* **GOAL OF THE EXERCISE**
Starting with the line that holds "pastel dog pattern shower curtains", reproduce each line through the last one of the data, exactly as written. Pictures are not copied.

* **GIVEN ENTRIES**

◇ ◇ ◇ ◇

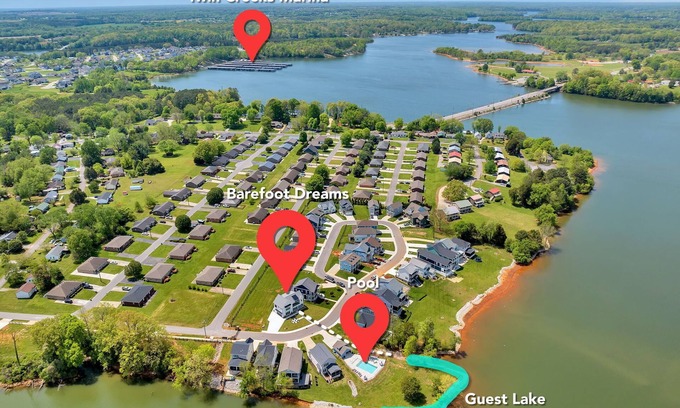 Winchester House | Unforgettable Getaway at Tim's Ford Lake with Pool Access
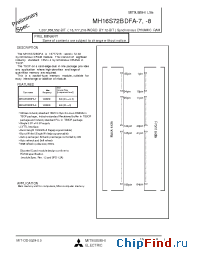 Datasheet  MH16S72BDFA-7
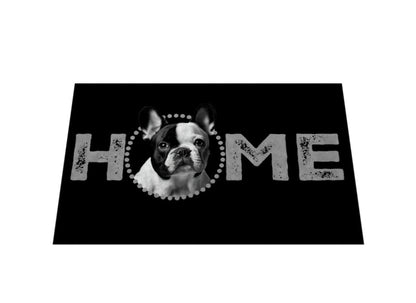 Fußmatte "Frenchi s/w - HOME-Edition" – hunde-shirt.de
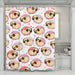 pastel dog pattern shower curtains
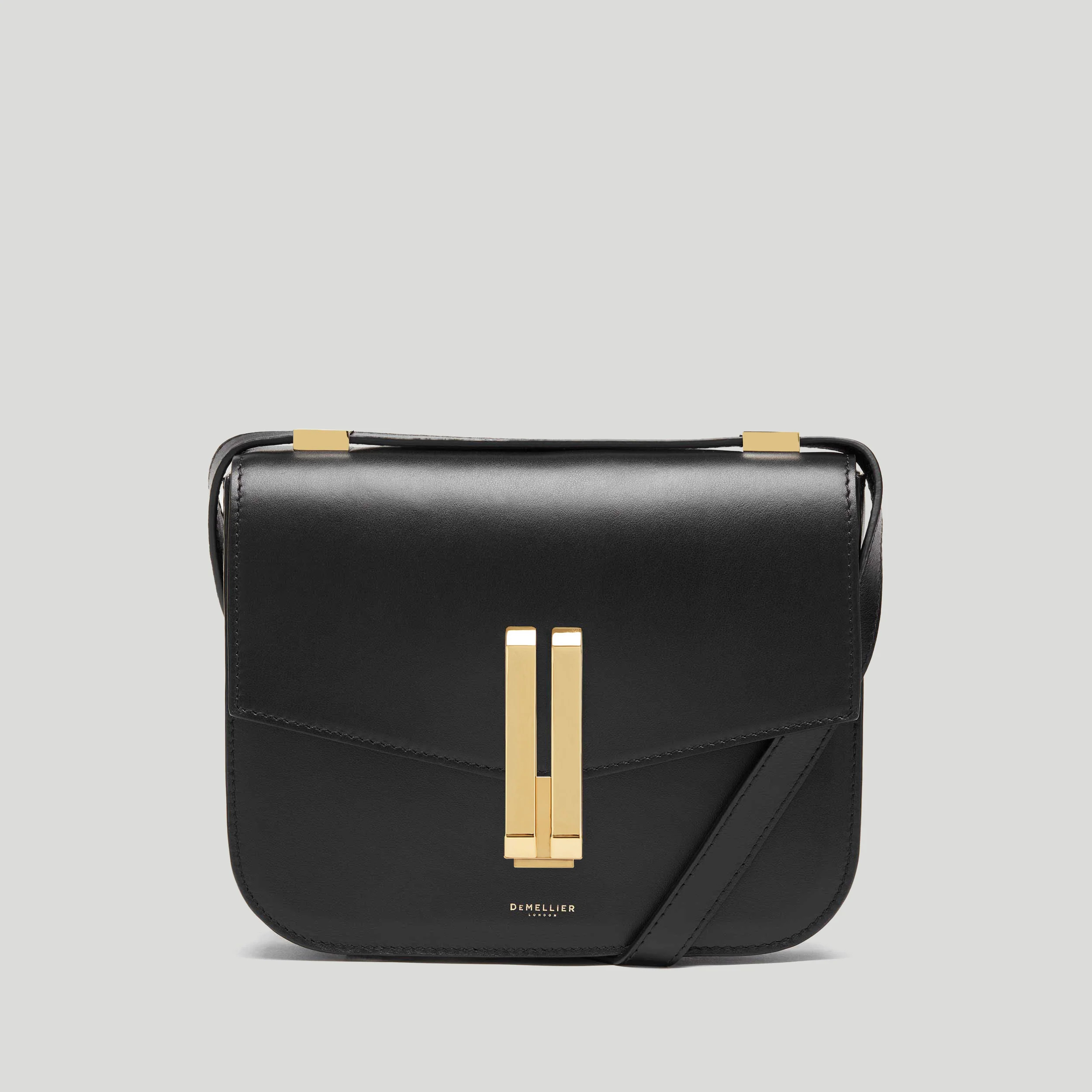 DeMellier The Vancouver in Black Smooth Leather Crossbody bag | DeMellier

◇ ◇ ◇ ◇

* **EXERCISE RESPONSE**
 pastel dog pattern shower curtains
 DeMellier The Vancouver in Black Smooth Leather Crossbody bag | DeMellier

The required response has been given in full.